4月28日

ロセンジェルス→メキシコ・シティ→リマ

 ロセンジェルスからリマまでは、アルゼンチン航空で8時間強かかる。

 成田からサンフランシスコまでの、日本語アナウンスのあったここまでの便とはうって変わって、説明等はスペイン語で、英語が補助になる。雑誌もスペイン語ばかりで全く解らない。「いよいよラテン語圏に入って行くんだなぁ。」と、わくわくしてきた。

 乗客もいかにもラテン系といった顔つきが多く、彼らは一様に荷物が大きかった。それは丈夫な黒い布製のバッグなので、空港での乱暴な扱いでスーツケースの様に投げられたら、中身は一たまりも無いだろう。

 簡単に切られて、中身を取られる可能性も高い。だからといって、「手荷物」というには、いささか大きいと思うのだが。スーツケースというのは、以外と贅沢品なのかもしれない。

 座席のシートが布張りからレザー張りになった。同じジャンボでも、グレードが下がったらしい。日本の国内線でもこんなに安っぽいシートに乗ったことは無い。「南米の国力」「コストと採算」等を考え併せると、仕方がないのかもしれない。

 尻の痛みに、今度はムレムレが加わった。防衛策としては、毛布をもう一枚もらって座布団の代わりに敷くことにした。

 ところで、機内に乗り込む時に、入口にはスチュワーデスがいたはずなのに、姿が見えない。男性つまりスチュワードばかりだ。別にサービスそのものは変わらないし、それどころか彼らの動きには、一流ホテルの様なプライドさえ感じられた。どうもスチュワーデスは、ファーストクラスの方にいるらしい。時々姿を見せるのだが、どうも動きがガサツで乱暴(対日本国内比)であることからして、これは絶対に国営航空会社だと思う。言い過ぎだろうか?

 関係ないけど機内食はおいしかった。運動不足で、段々と体がクリスマス前の七面鳥になっていくのが判る。

 前方スクリーンには、現在地点の地図が示され、南北アメリカ大陸から1000km単位まで3段階にズームインし、続いて「巡航速度」「気温」「高度」などのデータが表示される。

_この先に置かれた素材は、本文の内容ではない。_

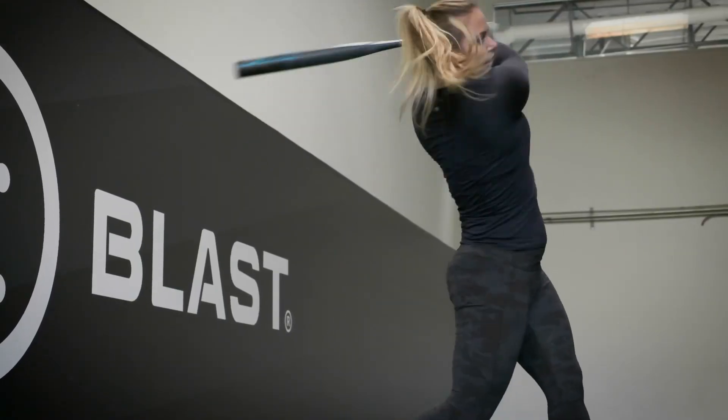Or you can also do top or bottom as you're soft tossing to them. Try to hide the balls and at the last minute yell out top or bottom. The player now has to decide which ball to hit, and this will definitely translate to in-game play because the hitter needs to decide whether or not they're going to swing at a pitch or let it go.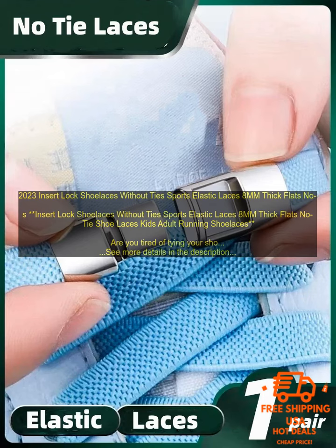Are you tired of tying your shoelaces every day? Do you find it difficult to get your shoes tied just right? Or do they come undone throughout the day? If so, then you need to try Insert Lock Shoelaces.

退屈な機内に於いては、これは嬉しい。

 約3時間で、給油の為にメキシコ・シティに到着。通関はさせてくれないので、空港の中で1時間待たされた。それでも行ける範囲の探検はさせてもらった。

 免税店を片っ端からヒヤカシて回る。日本の電気製品が陳列シェアナンバーワンであった。しかしどう見ても型が1世代前の旧式が多く、自分もメーカーに勤める者として、その理由についてはあれこれと思いを巡らさずにはいられない。

 トラベラーズ・チェック(T/C)を一度使ってみたいと思い、乾電池をこれで購入してみた。ところが、見習い女性が担当するレジに並んでしまった為に、思いきり手間取って待たされてしまい、私のいるレジだけが長蛇の列になってしまった。まるで私が悪い事をしている様に、皆さんの刺すような視線が痛い。

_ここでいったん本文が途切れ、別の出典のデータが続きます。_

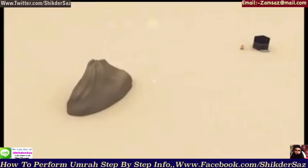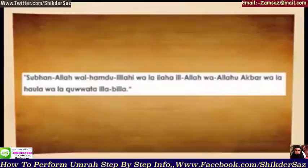Then say Allahu Akbar three times, or ask Allah for whatever you wish. Now come down from Safa and move towards Marwa whilst reciting this supplication: Subhanallah, walhamdulillah, wa la ilaha illallah, wa Allahu akbar, wa la hawla wa la quwwata illa billah.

 待合い時間も残り少なくなった頃、どこかラテン系の国の団体添乗員らしき人から、「エスパニョーラ?」と聞かれた。ウ!成田に続いて2度目だ。「ノン!ハポネス!」「Si」。国籍不明人に間違えられたのも印象に残るが、初めてスペイン語の会話が出来た事の方が嬉しかった。 日本人であることがバレなければ、結構危ないところにも、行けるかもしれないと思う。

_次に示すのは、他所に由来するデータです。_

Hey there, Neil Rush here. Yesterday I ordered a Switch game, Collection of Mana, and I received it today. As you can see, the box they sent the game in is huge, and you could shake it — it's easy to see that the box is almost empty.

 集合の時間になり、時計をメキシコ・タイムから、ペルー・タイムに進める。

メキシコからも乗客があったので、満席になっていた。私の隣には、かなり体格のいい男性が座った為に、私も彼もお互いに窮屈だ。彼はその太い腕を組んだまま、降ろせなくて困っていた。

 既に肩幅だけでも隣の席の領空侵犯なのだ。気の毒に思い他に空いている席は無いかと見渡すと、通路を隔てた並びに、私より一回り年長に見える細身の日本人男性が座っており、その隣が空いている。早速交渉して私がそこに移動する。

 中井さんというその方は、既に世界を見て歩いてるそうで、リマまでの5時間、話のお相手をして頂き、旅の経験談に始まって趣味や家族の事や政治問題まで、実に多くの事を語り合った。なかなかすてきな紳士だった。

 私を挟んで中井さんの反対側には、メキシコから乗ってきたパラグアイ人の賓のいいオバアチャンが、さかんに話しかけてくる。しかし、スペイン語は全く解らないので、こっちも日本語で話しかけてみた。思った通り全然通じない。この奇妙なコミュニケーションは、リマまで延々5時間続いた。